🤖 AI Summary
To address the low recall accuracy and inefficiency of conventional retrievers in multi-hop question answering—particularly under complex reasoning paths—this paper proposes GraphRAG, a graph-augmented retrieval framework. GraphRAG constructs dynamic semantic graphs and synergistically integrates BM25 retrieval, graph traversal algorithms, an LLM-driven retrieval decision agent, and iterative re-ranking strategies to enable structured modeling and collaborative optimization of the retrieval process. Crucially, it is the first work to deeply couple graph-structured modeling with retrieval agents, thereby transcending the limitations of single-pass retrieval paradigms. Evaluated on three standard multi-hop QA benchmarks—MuSiQue, 2WikiMultiHopQA, and HotpotQA—GraphRAG achieves state-of-the-art performance: notably, it improves accuracy on MuSiQue by over 10%, while substantially reducing both token consumption and the number of retrieval iterations.
📝 Abstract
Retrieval-augmented generation systems rely on effective document retrieval capabilities. By design, conventional sparse or dense retrievers face challenges in multi-hop retrieval scenarios.
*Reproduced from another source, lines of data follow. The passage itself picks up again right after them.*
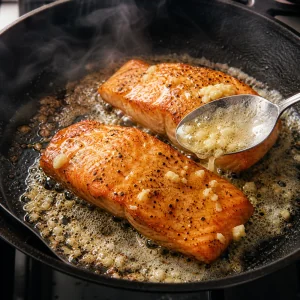 Salmón sellado bañado con mantequilla de ajo derretida en una sartén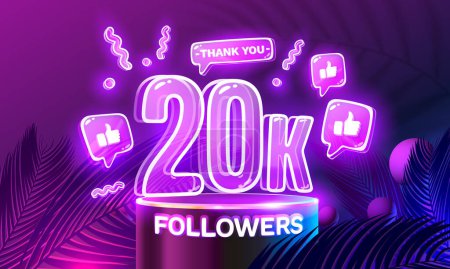 Thank you 20k followers, peoples online social group, happy banner celebrate, Vector illustration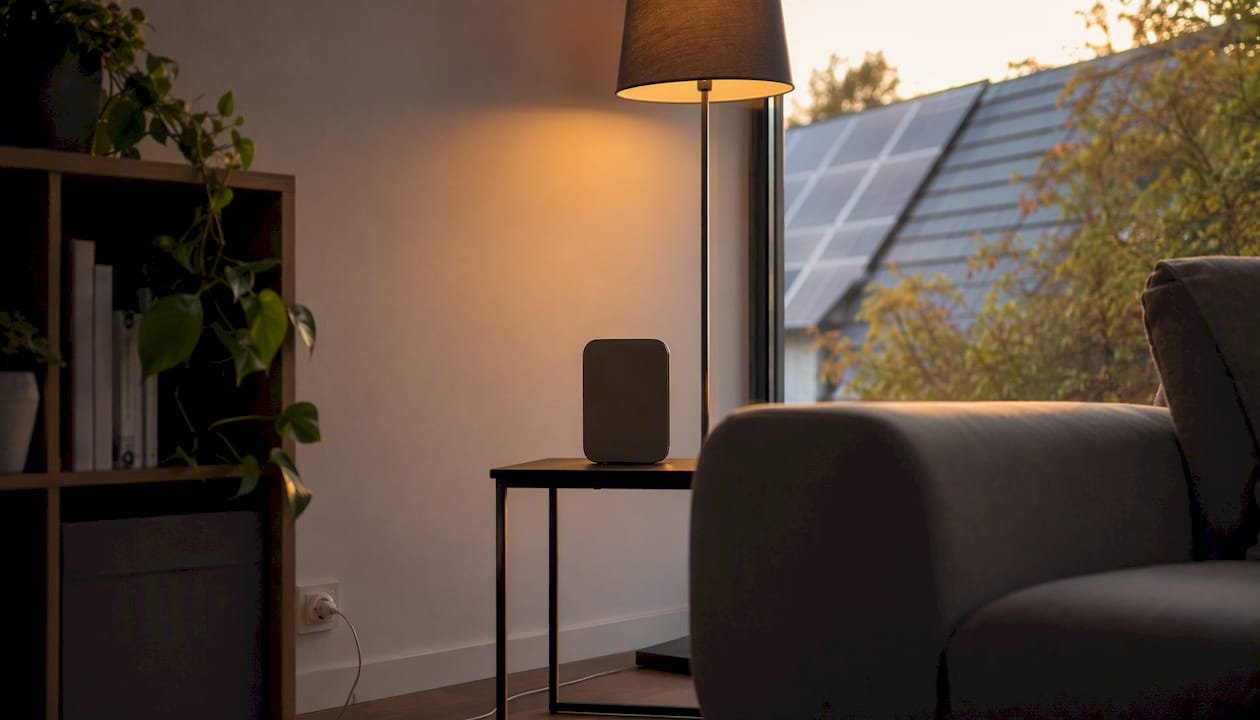 Woonkamer met een sfeervolle, slimme omgang met zonne-energie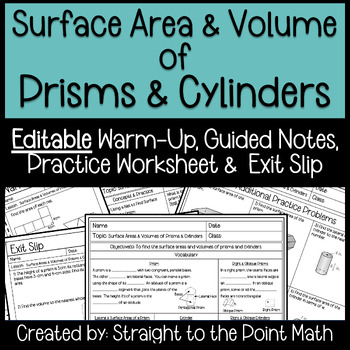 Preview of Surface Area & Volumes of Prisms & Cylinders Geometry Guided Notes with Homework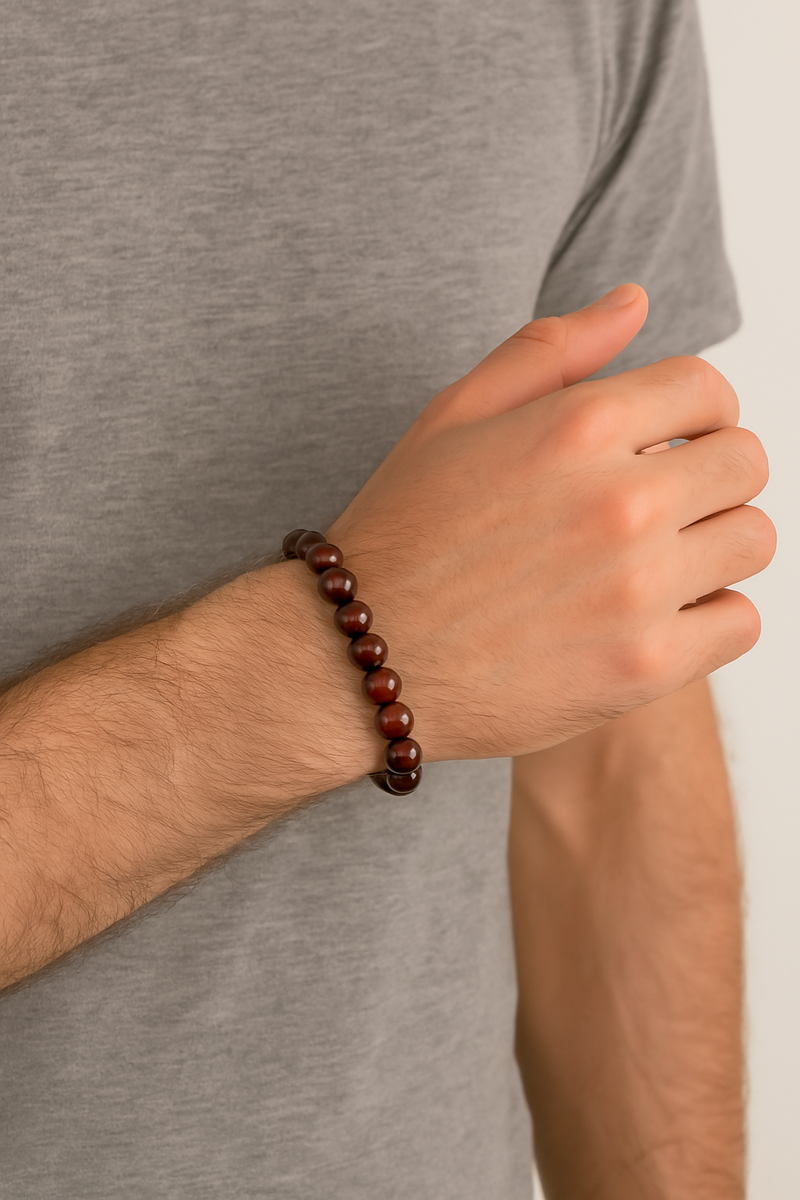 Kırmızı Kaplan Gözü Doğal Taş Bileklik 10 mm - Görsel 2 - Safnaturel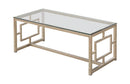 Merced Rectangle Glass Top Coffee Table Nickel - Furniture Now (CA)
In this paper, we present GeAR, which advances RAG performance through two key innovations: (i) graph expansion, which enhances any conventional base retriever, such as BM25, and (ii) an agent framework that incorporates graph expansion. Our evaluation demonstrates GeAR's superior retrieval performance on three multi-hop question answering datasets. Additionally, our system achieves state-of-the-art results with improvements exceeding 10% on the challenging MuSiQue dataset, while requiring fewer tokens and iterations compared to other multi-step retrieval systems.